After much drama, the Twitter board has agreed to a $44 billion takeover bid by Elon Musk, putting the micro-blogging site on a long list of high-profile companies owned and run by the billionaire. A major change that will arise from this development is that Twitter will stop being listed on the stock exchange and become a private entity.
An active user of the platform, Elon Musk has said in a statement, “Free speech is the bedrock of a functioning democracy, and Twitter is the digital town square where matters vital to the future of humanity are debated.” He has also advocated to make Twitter a better place by bringing in new features, making the algorithms open-source, and defeating spambots.
Earlier this year, Musk started a steady buying frenzy of Twitter shares, acquiring a 5 percent stake in the company by March of 2022. Early this month, 9.13 percent of Twitter’s overall shares were owned by him, making him the single largest shareholder. A few days later, the Twitter board offered him a seat, which would prohibit him from acquiring more than 14.9 percent of the company.

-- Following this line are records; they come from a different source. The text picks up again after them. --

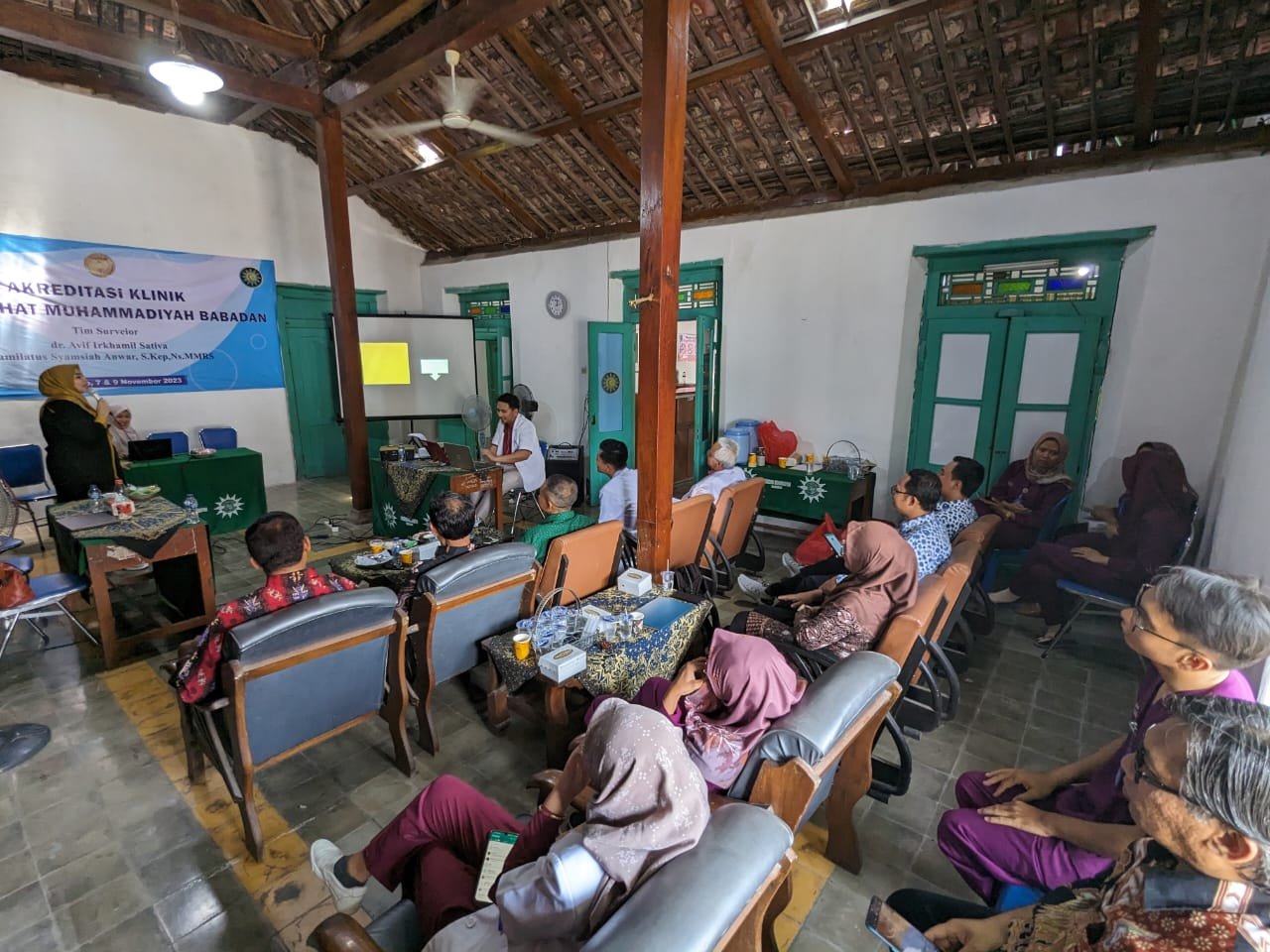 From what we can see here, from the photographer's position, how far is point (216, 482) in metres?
5.23

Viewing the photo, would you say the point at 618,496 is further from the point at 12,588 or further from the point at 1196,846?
the point at 12,588

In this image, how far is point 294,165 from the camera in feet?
23.2

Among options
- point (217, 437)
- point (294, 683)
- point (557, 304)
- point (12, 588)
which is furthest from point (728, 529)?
point (217, 437)

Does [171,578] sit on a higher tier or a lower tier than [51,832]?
higher

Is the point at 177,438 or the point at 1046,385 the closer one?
the point at 1046,385

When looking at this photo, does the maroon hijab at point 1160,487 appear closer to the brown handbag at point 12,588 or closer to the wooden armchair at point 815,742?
the wooden armchair at point 815,742

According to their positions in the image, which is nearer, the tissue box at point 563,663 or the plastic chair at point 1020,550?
the tissue box at point 563,663

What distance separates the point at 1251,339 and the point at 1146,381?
58 centimetres

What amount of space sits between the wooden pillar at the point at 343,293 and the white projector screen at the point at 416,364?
1198mm

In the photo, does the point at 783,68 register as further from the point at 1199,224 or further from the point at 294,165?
the point at 294,165

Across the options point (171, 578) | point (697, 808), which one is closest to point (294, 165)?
point (171, 578)

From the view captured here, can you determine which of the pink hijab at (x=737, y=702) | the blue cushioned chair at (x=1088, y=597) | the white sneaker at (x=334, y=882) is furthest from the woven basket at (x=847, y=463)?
the white sneaker at (x=334, y=882)

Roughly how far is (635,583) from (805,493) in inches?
112

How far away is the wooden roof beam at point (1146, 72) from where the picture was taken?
308cm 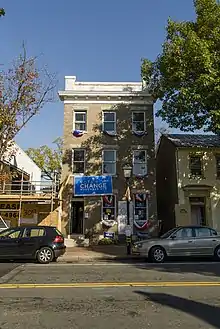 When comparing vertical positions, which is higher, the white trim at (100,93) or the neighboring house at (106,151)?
the white trim at (100,93)

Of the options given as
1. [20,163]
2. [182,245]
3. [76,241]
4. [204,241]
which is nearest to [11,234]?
[182,245]

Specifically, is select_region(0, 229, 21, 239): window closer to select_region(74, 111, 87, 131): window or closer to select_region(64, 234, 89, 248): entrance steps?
select_region(64, 234, 89, 248): entrance steps

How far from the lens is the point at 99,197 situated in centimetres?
2333

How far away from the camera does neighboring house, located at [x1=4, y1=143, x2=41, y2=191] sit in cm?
2363

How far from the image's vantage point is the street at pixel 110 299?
562 cm

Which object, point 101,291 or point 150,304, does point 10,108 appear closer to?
point 101,291

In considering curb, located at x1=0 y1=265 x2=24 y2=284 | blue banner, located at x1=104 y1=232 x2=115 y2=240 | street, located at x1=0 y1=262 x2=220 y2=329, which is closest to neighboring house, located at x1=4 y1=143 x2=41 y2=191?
blue banner, located at x1=104 y1=232 x2=115 y2=240

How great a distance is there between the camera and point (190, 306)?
6586mm

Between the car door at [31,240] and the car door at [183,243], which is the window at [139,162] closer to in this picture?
the car door at [183,243]

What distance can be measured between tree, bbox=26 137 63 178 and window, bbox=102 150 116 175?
1916cm

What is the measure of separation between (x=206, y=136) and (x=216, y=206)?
6.34 metres

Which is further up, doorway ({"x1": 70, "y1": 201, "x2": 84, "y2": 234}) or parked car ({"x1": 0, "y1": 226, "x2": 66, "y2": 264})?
doorway ({"x1": 70, "y1": 201, "x2": 84, "y2": 234})

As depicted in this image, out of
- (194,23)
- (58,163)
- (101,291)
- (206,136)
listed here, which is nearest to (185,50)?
(194,23)

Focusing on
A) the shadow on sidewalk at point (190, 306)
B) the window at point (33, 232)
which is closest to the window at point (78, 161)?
the window at point (33, 232) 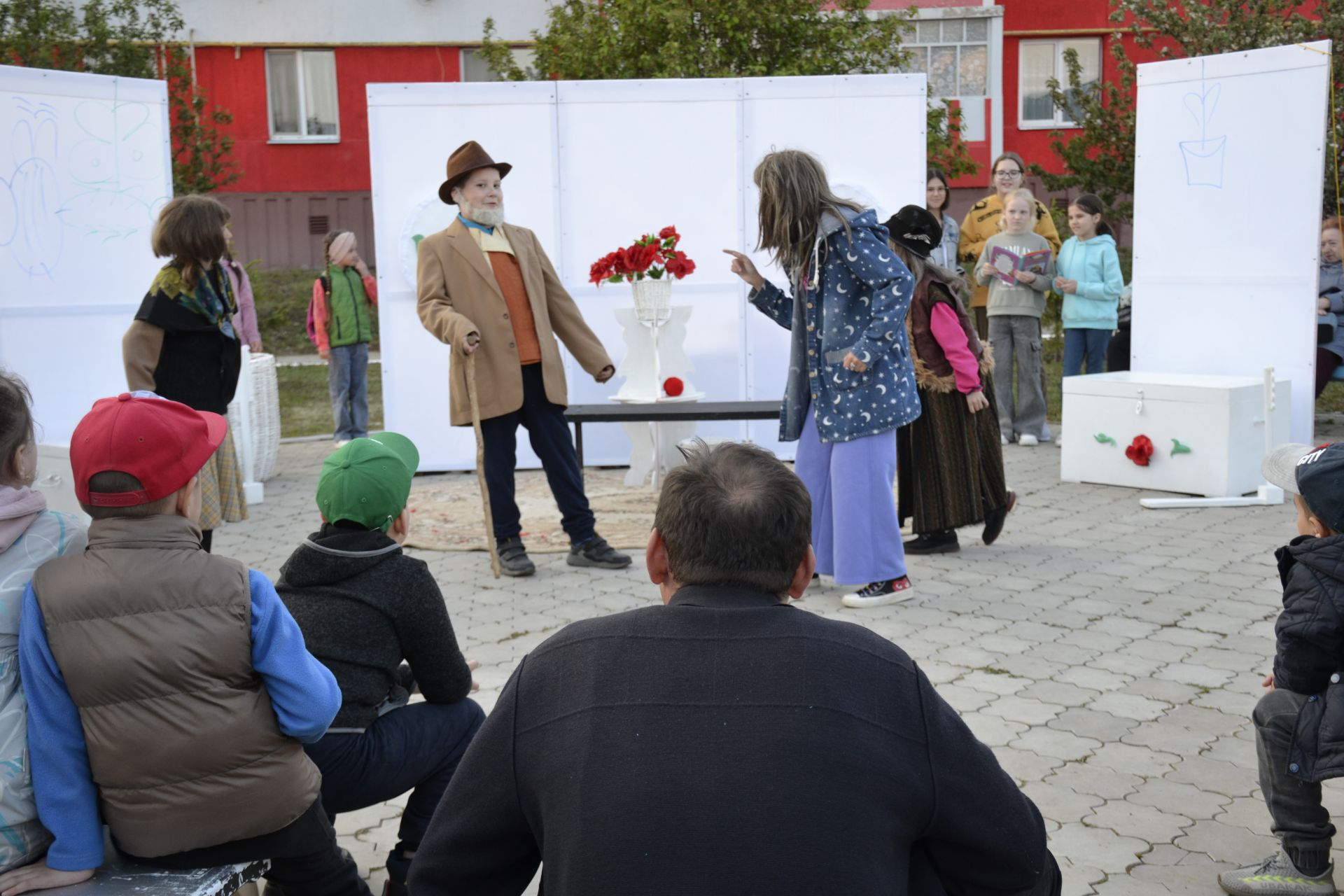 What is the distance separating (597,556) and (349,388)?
15.1 feet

🚀💫♥️ Yesss!!! ♥️💫🚀 pic.twitter.com/0T9HzUHuh6
— Elon Musk (@elonmusk) April 25, 2022
When Musk eventually declined this offer, his intentions had become more than clear and a few days later, he made a $43 billion offer to buy Twitter and make it a private entity. This led to the Twitter board adopting a ‘poison pill’ strategy that would make it difficult for Musk to facilitate the takeover.
But the board finally relented yesterday and Twitter is now owned by Elon Musk against a $44 billion deal. According to The Verge, current CEO Parag Agrawal has told employees that no layoffs are planned as of now and that he will remain CEO until the deal is closed. He didn’t mention what will happen after that though.